Zum dezentralisierungspolitischen ABC gehört die von Richard Musgrave eingeführte Unterscheidung der staatlichen Funktionen in Stabilitätsfunktion, Allokationsfunktion und Distributionsfunktion. Danach soll die (makroökonomische) Stabilitätsfunktion in jedem Fall in der Hand der Zentralregierung bleiben, die Allokationsfunktion soll möglichst weitgehend dezentralisiert werden, da öffentliche Investitionen umso effizienter ausfallen, je dichter an den Betroffenen sie entschieden werden, und bei der Distributionsfunktion soll besondere Vorsicht walten, weil die Dezentralisierung verteilungswirksamer Kompetenzen eher die Ungleichheit fördert. Vereinfacht gesagt: die Dezentralisierung der Sozialpolitiken führt zu höherer Ungleichheit [ Dies gilt allerdings nur in der reinen Theorie : wenn Leistungsangebot und Finanzierung dezentral erfolgen, können sich reiche Kommunen ein höheres Leistungsniveau leisten als arme Kommunen. In der Regel wird versucht, diesen Effekt durch zentralstaatliche Finanzierung (z.B. Erzie hungswesen in Chile) oder durch Finanzausgleichsmechanismen (Kolumbien, Brasilien) auszugleichen. Dies wiederum kann zu Ineffizienzen, Unter- und Überfinanzierung führen.] .

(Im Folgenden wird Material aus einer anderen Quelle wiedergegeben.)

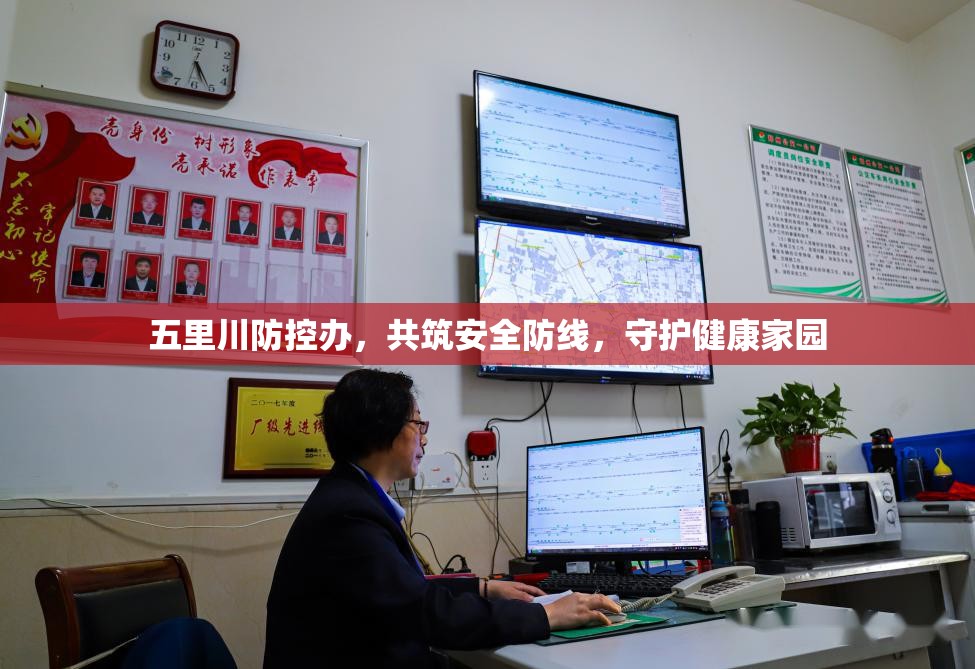 五里川防控辦，共筑安全防線，守護(hù)健康家園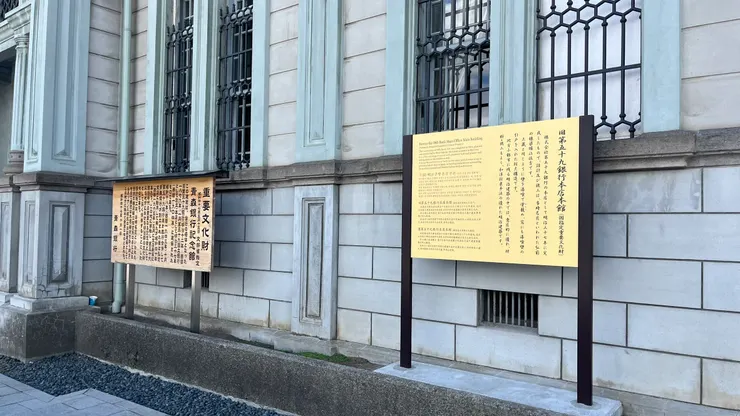 現在也是重要文化財。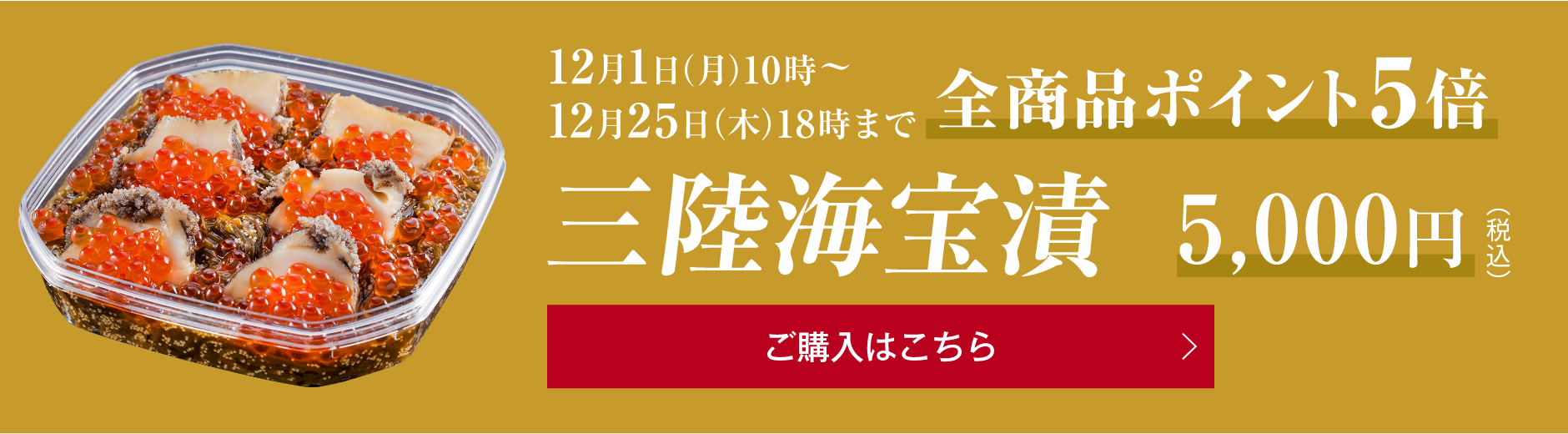 ��Φ������ 5000��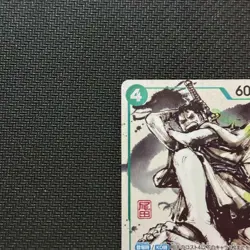 Ryuma P-072 ONE PIECE Card Monsters Promo Kaitai Shinroku For Asia Japanese JPN - Image 2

Aus theoretischer Sicht ist es daher überraschend, daß alle Dezentralisierungspolitiken in Lateinamerika ein besonderes Gewicht auf die Übertragung sozialpolitischer Kompetenzen, v.a. im Bildungs- und Gesundheitswesen, auf die Kommunen gelegt haben. Nicht überraschend ist dagegen die Tatsache, daß die Ergebnisse in den meisten Fällen bisher unbefriedigend sind. Dies liegt vor allem an der Schwierigkeit, die Finanzierungsmodalitäten in Umfang und Struktur so zu gestalten, daß die Träger - in diesem Fall die Kommunen - die Aufgaben angemessen verwalten können.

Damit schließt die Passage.